Digital transformation is a state of mind and it’s wrong for retailers to look at it as a just another project because – if they do – they will fail.

True digital transformation is about continuous change and innovation, and success comes when technology is at the heart of business culture.

They were examples of strong views shared at a Retail Gazette roundtable on 31 March, as retail representatives from Browns, End, Charlotte Tilbury, Childrensalon, Co-op, Harrods, Kurt Geiger, Merlin Entertainment, New Look, Selfridges, and Sainsbury’s joined event partner, Appsbroker, for a discussion on retail’s relationship with tech.

Retailers around the table agreed that monolithic tech stacks can hold retailers back from delivering the seamless, digital customer experiences required across all sectors of the industry today. And they spent much of the debate suggesting ways to progress.

‘Stop the abusive relationship with tech’

Many retailers have found themselves trapped in “an abusive relationship” with their technology providers, and the companies embarking on the right path now are those that have siphoned off the best features of big tech platforms and developed a more product-based approach to development, according to the discussions.

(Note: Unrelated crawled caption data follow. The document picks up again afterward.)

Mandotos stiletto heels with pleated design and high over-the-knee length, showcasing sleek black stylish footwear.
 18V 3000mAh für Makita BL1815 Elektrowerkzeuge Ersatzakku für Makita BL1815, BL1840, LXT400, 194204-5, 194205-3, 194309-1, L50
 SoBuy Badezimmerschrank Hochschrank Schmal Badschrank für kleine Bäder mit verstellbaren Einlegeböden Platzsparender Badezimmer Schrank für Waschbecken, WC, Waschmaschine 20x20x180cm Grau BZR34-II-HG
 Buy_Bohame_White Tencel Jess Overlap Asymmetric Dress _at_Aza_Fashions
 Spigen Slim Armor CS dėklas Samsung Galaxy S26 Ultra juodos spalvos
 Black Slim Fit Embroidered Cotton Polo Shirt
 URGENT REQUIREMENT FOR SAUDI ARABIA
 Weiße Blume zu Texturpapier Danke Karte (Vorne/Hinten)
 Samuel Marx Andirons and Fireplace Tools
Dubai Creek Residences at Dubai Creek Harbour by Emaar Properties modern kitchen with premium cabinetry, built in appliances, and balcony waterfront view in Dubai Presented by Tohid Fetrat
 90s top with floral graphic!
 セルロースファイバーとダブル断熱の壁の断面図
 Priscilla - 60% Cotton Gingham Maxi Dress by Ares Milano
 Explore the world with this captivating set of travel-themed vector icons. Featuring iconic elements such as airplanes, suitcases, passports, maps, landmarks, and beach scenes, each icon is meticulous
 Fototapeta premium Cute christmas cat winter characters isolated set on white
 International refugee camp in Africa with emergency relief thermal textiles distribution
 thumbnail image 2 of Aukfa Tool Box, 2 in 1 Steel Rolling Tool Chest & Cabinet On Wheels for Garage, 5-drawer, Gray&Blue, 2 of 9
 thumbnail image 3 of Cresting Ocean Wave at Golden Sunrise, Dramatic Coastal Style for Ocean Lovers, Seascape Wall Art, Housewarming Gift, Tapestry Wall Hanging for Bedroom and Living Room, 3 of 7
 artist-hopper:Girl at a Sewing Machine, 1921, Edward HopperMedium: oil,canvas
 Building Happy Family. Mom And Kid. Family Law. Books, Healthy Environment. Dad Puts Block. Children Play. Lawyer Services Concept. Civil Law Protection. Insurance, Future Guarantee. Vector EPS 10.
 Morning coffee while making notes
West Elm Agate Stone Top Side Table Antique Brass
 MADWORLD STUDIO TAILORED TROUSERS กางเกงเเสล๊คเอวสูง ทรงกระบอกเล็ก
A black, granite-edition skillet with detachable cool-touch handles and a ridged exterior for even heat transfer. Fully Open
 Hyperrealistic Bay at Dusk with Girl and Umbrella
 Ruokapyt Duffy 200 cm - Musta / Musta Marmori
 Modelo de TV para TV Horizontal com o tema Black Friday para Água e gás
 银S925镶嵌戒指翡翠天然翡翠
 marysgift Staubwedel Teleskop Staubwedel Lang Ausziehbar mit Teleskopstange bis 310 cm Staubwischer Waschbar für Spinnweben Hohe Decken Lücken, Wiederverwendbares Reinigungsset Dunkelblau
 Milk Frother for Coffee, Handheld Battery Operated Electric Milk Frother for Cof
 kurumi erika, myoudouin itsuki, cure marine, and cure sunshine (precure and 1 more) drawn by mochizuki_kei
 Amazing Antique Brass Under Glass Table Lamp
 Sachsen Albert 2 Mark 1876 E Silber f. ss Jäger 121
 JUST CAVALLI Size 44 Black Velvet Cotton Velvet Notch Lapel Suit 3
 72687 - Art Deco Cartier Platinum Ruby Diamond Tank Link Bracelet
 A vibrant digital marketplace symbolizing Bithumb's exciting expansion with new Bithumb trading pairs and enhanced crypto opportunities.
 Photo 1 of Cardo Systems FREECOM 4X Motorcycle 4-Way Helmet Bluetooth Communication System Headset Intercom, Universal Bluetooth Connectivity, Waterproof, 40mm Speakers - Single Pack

If there is friction in the relationship between retailer and technology partner, this is likely to be reflected in the customer experience, one attendee argued.

Another retailer said they put technology into two different camps: one stack to maintain the infrastructure; and another stack for the “blue-sky thinking” or testing and learning, where the retailer holds all the strings and “dictates the conversation”.

Lots of the problems retailers find themselves in with technology derive from not knowing the path their trying to take in the first place.

One roundtabler said the problem is “retailers often ask technology companies to help with digital transformation but they don’t actually know what they are trying to achieve”.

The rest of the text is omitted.